**ASSIGNMENT**: Print, exactly as they stand, the lines below from the one that has "The Respite Banquet Hall" to the one that has "gnome clipart,garden gnome,gnome", inclusive, leaving out the pictures.

**DATASET CONTENT**:
--- START ---

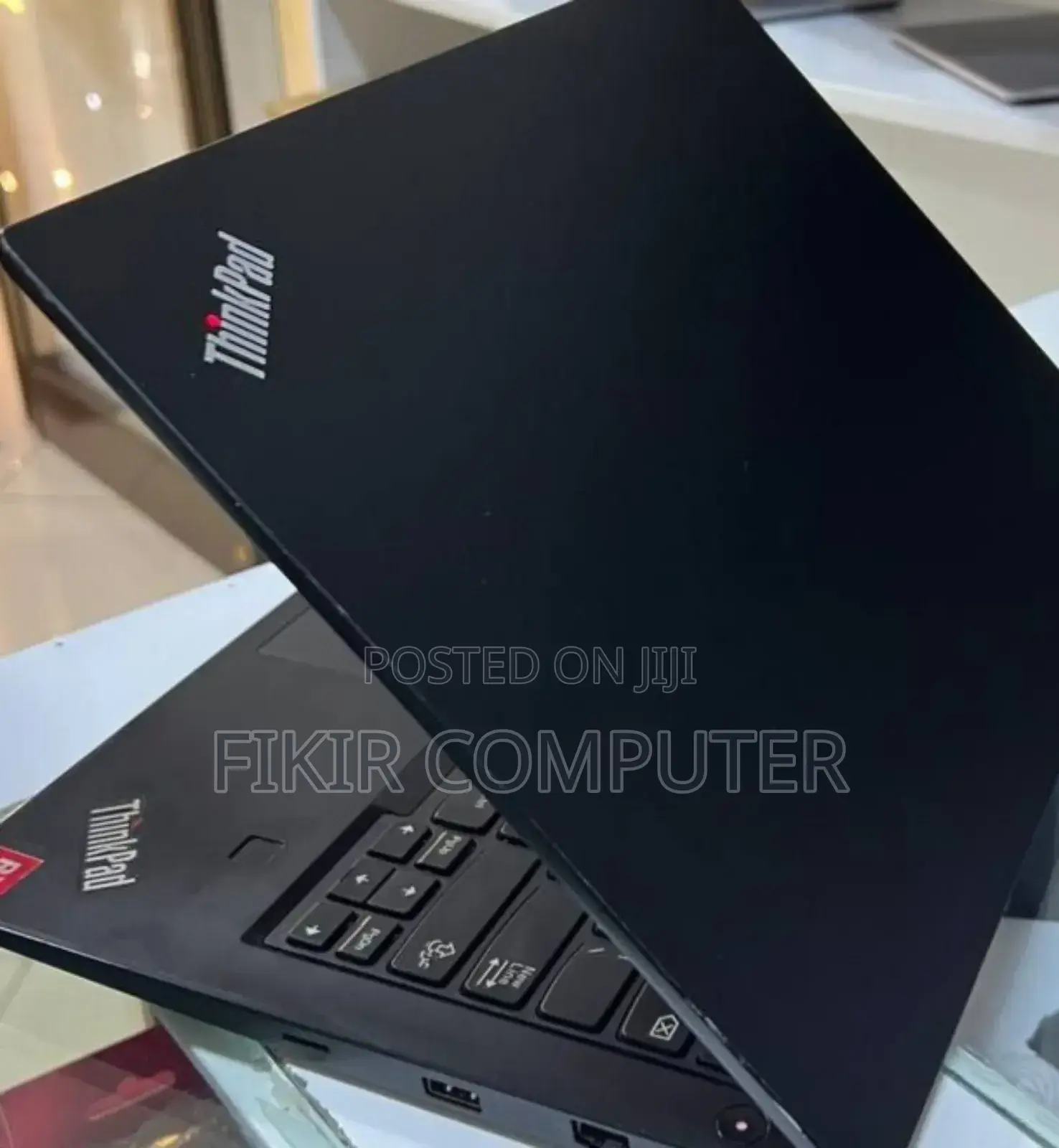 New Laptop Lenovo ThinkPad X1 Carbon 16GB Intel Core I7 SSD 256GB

--- END ---
--- START ---

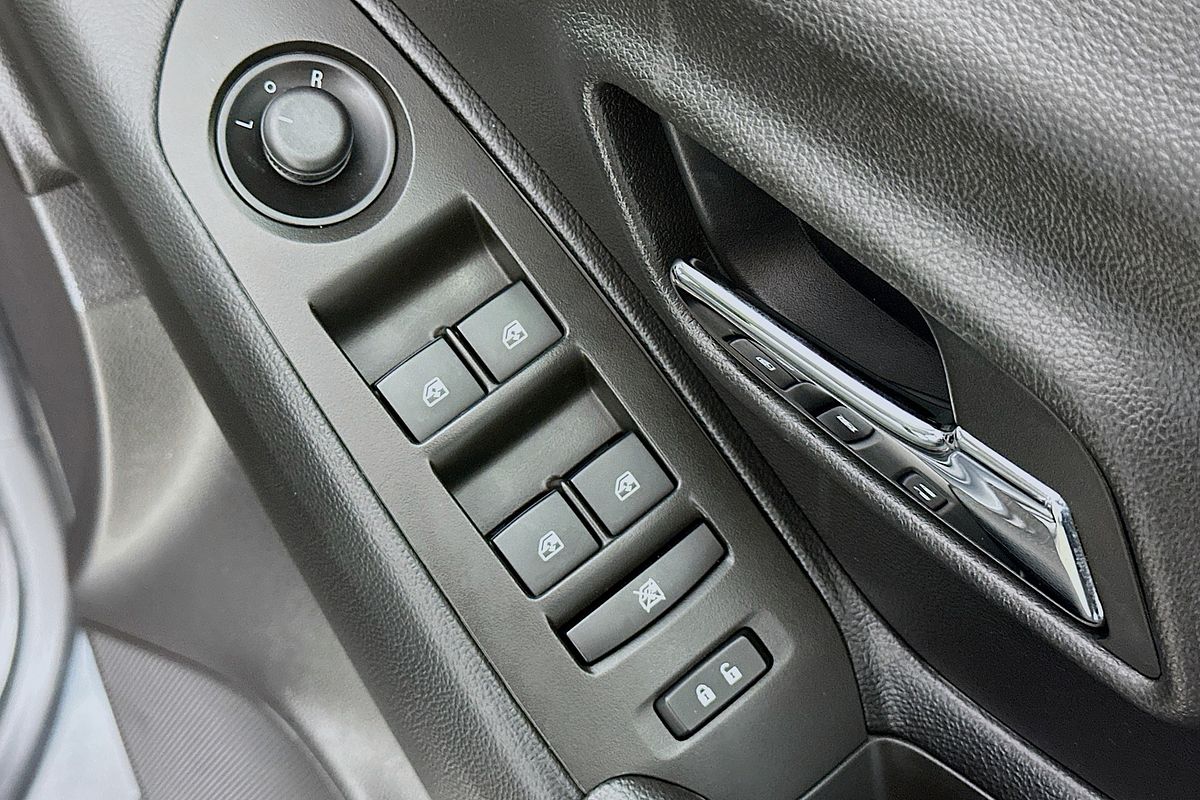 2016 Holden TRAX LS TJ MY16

--- END ---
--- START ---

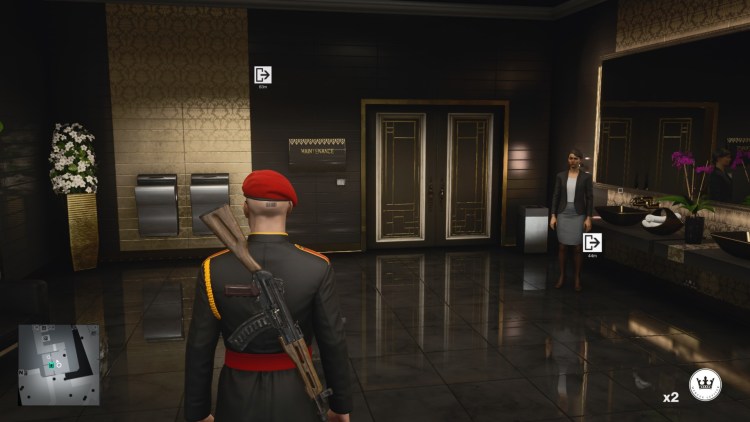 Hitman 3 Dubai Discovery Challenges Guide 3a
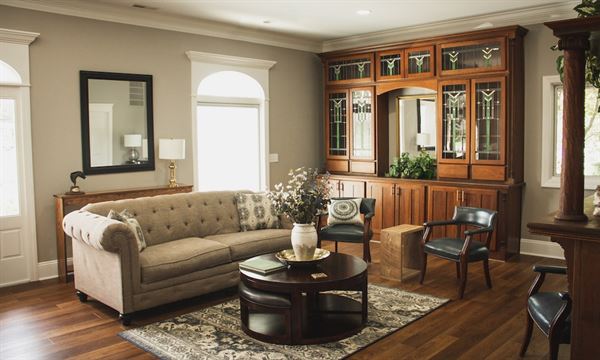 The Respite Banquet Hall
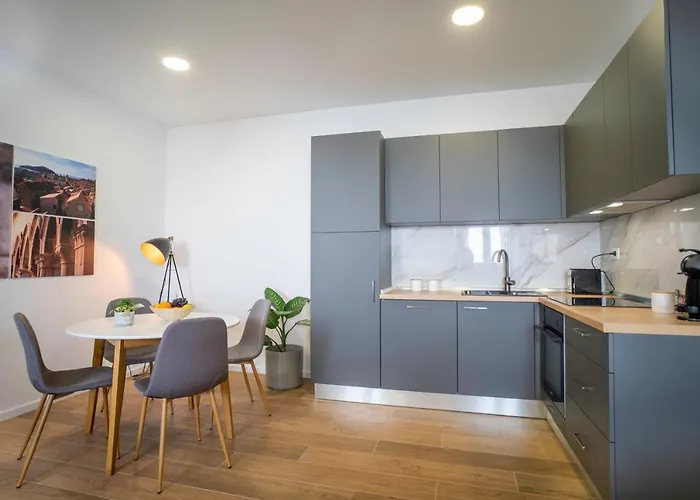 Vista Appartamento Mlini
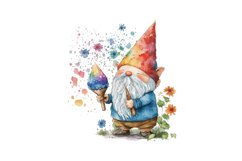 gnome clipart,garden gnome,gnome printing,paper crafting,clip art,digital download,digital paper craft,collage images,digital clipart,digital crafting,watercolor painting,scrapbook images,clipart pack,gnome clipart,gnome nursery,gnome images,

--- END ---

**RESULT**:
 The Respite Banquet Hall
 Vista Appartamento Mlini
 gnome clipart,garden gnome,gnome printing,paper crafting,clip art,digital download,digital paper craft,collage images,digital clipart,digital crafting,watercolor painting,scrapbook images,clipart pack,gnome clipart,gnome nursery,gnome images,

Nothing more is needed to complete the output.